Не слышим ли в бою часов

Глас смерти, двери скрып подземной…

    (Г.Р.Державин, “Водопад”).

 

Искусство воскресало

Из казней и из пыток

И било, как кресало,

О камни Моабитов

     (А.Вознесенский, “Мастера”).

 

Однотипные фонетические сочетания “крыс”, “скры”, “крес” в сочетании с “ы” во втором стихе звучат совершенно по-разному, получая различную семантику от лексических единиц, в которые входят.

Каждый звук, получающий лексическое значение, приобретает независимость, самостоятельность, которая отнюдь не сродни “самовитости” и “самоцельности”, ибо целиком определена связью с семантикой слова. И вот эти, семантически нагруженные, фонемы становятся кирпичами, из которых снова строится это же слово. Грубо этот процесс можно представить в следующем виде: некое слово (например, “стол”) разделяется на составляющие его фонемы “с”, “т”, “о”, “л”. Каждая из них получает и лексическую нагрузку слова:

с → с’ ~ стол

т → т’ ~ стол

о → о’ ~ стол

л → л’ ~ стол

где “с’”, “т’”, “о’”, “л’” — это уже не обычные фонемы, с которыми мы имели дело в обычном языке, — они вторичны, образованы на основе раздробленной лексической единицы и несут в себе ее значение.

Из этих элементов составляется слово вторичное: “стол” → “с’т’о’л’”. Мы убеждаемся, что простое включение слов в стихотворный текст решительно меняет его природу: из слова языка оно становится воспроизведением слова языка и относится к нему, как образ действительности в искусстве к воспроизводимой жизни. Оно становится знаковой моделью знаковой модели. По семантической насыщенности оно резко отличается от слов обычного языка.

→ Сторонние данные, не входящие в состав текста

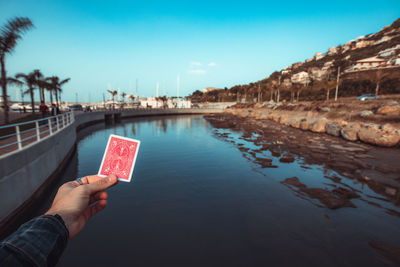 Midsection of person holding umbrella by river against sky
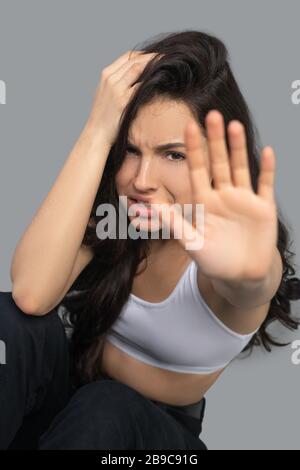 Bella ragazza dai capelli scuri in una parte superiore bianca che guarda stressato Foto Stock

И снова мы имеем возможность убедиться, что особая музыкальность, звучность поэтического текста оказывается производной от сложности структурного построения, т. е. от особой смысловой насыщенности, совершенно незнакомой структурно реорганизованному тексту. В этом легко убедиться, сделав эксперимент: ни одна, самым искусным образом составленная строка бессмысленного набора звуков (звуков вне лексических единиц) не обладает музыкальностью обычной поэтической строки. При этом следует иметь в виду, что слова “заумного языка” совсем не лишены лексического значения, в строгом смысле этого слова [См. М.Янакиев, Българско стихознание, c. 13–16; И.И.Ревзин, Модели языка, М., Изд. АН СССР, 1962, c. 21; Б.В.Томашевский, Стилистика и стихосложение, Л., 1959, c. 181–183]. “Заумные” слова в поэзии не равнозначны бессмысленному набору звуков в обычной речи. Поскольку мы воспринимаем издаваемые речевым аппаратом звуки как язык, им приписывается осмысленность. Некая единица речи, осмысляемая как слово по аналогии с другими, значащими, но лишенная собственного значения, будет представлять абсурдный случай выражения без содержания, обозначения без обозначаемого. Слово в поэзии вообще, и в частности “заумное” слово, складывается из фонем, которые, в свою очередь, получились в результате раздробления лексических единиц и не утратили с ними связи. Но если в обычном поэтическом слове (например, “стол → с’т’о’л’”) связь звука с определенным лексическим содержанием раскрыта и объективна, то в “заумном языке” поэзии, в соответствии с общим субъективизмом позиции автора, она остается неизвестной читателю. “Заумное” слово в поэзии не лишено содержания, а наделено столь личным, субъективным содержанием, что уже не может служить цели передачи общезначимой информации, к чему автор и не стремится.

При этом надо учитывать, что на уровне морфологии оно, как правило, не отличается от отмеченных слов языка.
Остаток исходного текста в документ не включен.